After the line containing "Chanel Goatskin Quilted", copy nothing more; up to and including it, copy every line of the listing exactly from the first, leaving out the pictures.

▶ [DATA BLOCK]:

==================================================

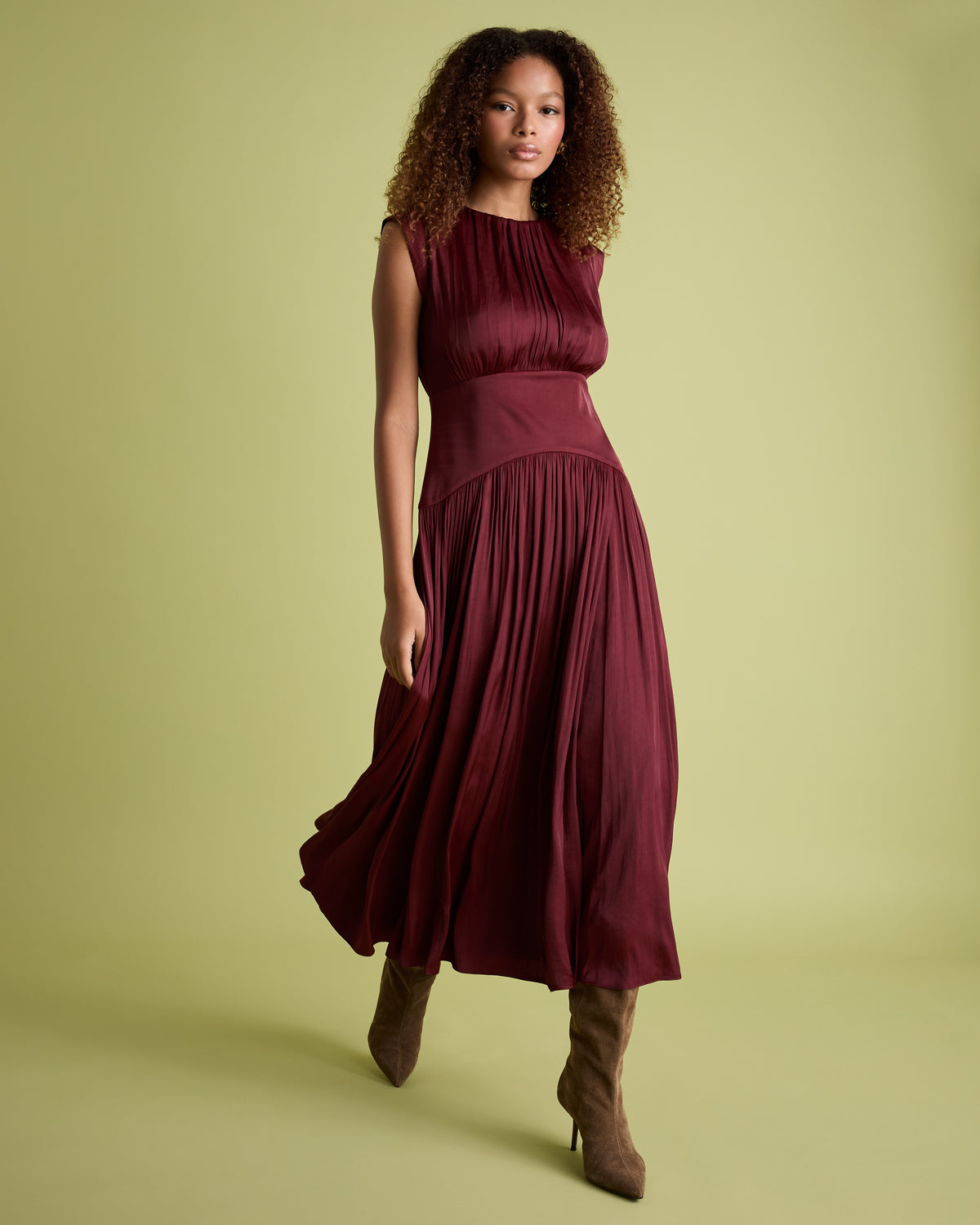 Rust Sleeveless Fit and Flare Midi Dress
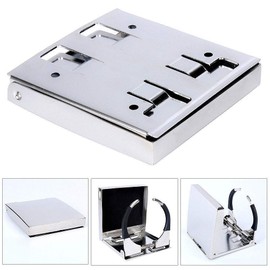 Prairie Metal Stainless Steel Adjustable Folding Cup Drink Holder for Marine Boat Truck RV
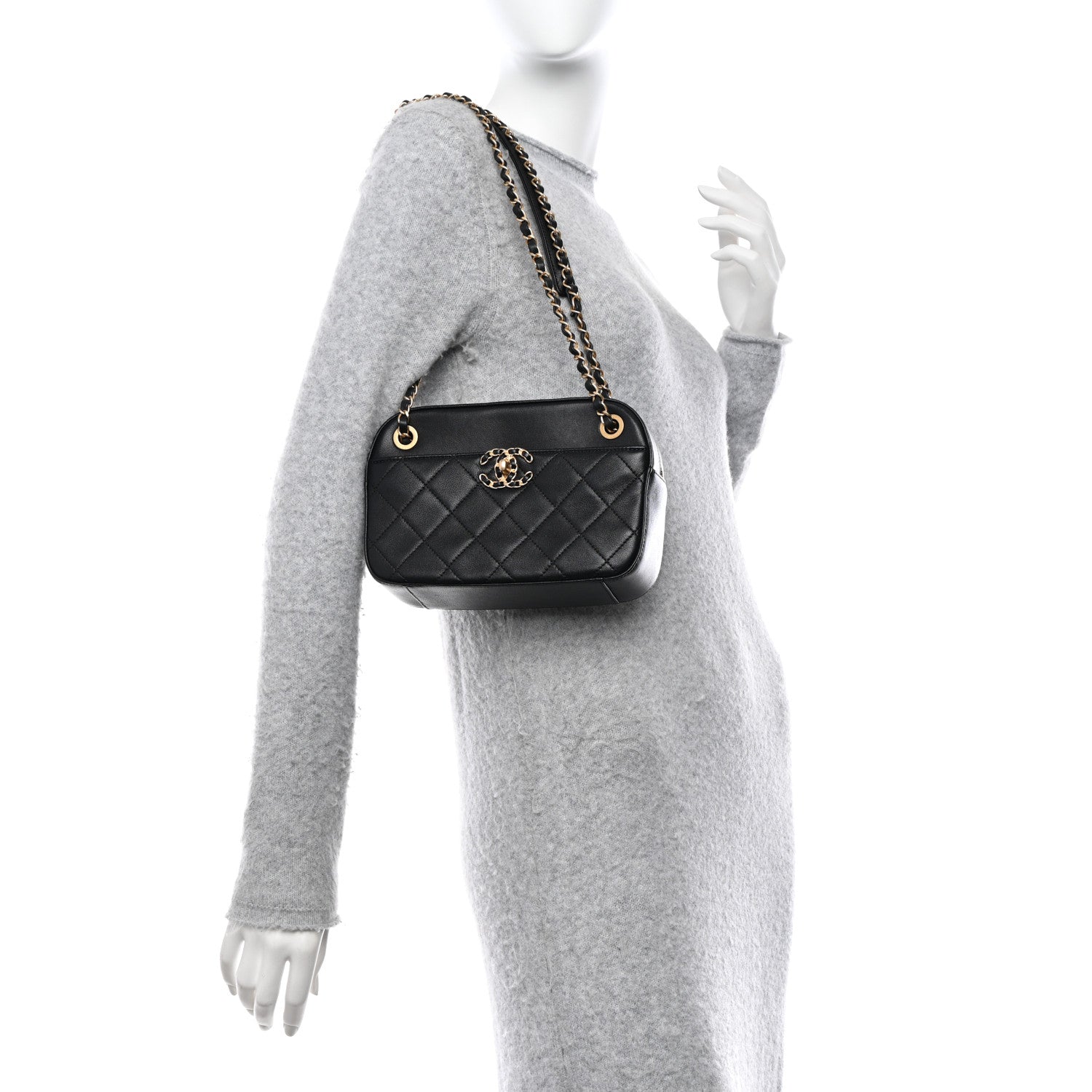 Chanel Goatskin Quilted 19 Camera Case Black 2 of 10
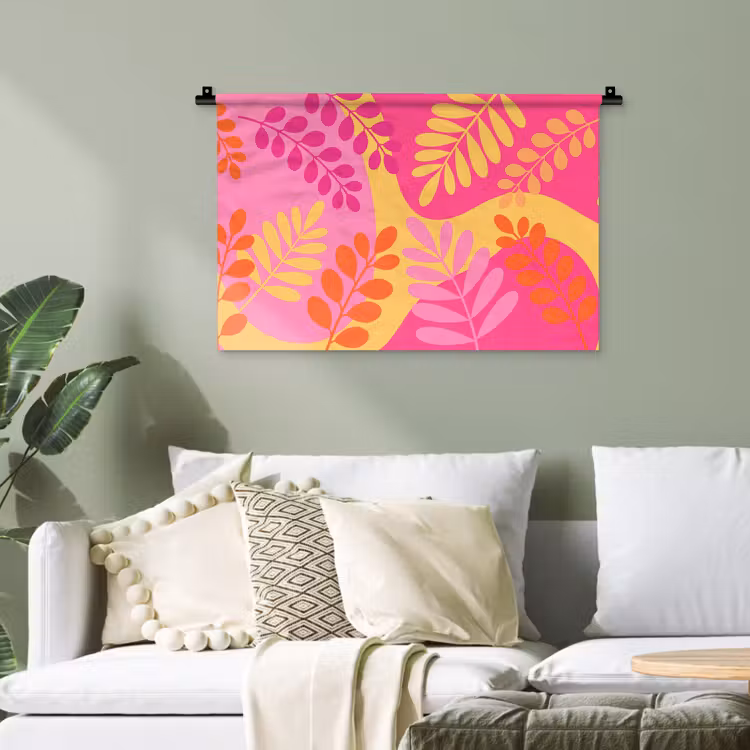 Natuur - Bladeren - Abstract - Roze - Geel Wandkleed katoen klein -sfeer7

==================================================

▶ [ANSWER FOR THE TASK]:
 Rust Sleeveless Fit and Flare Midi Dress
 Prairie Metal Stainless Steel Adjustable Folding Cup Drink Holder for Marine Boat Truck RV
 Chanel Goatskin Quilted 19 Camera Case Black 2 of 10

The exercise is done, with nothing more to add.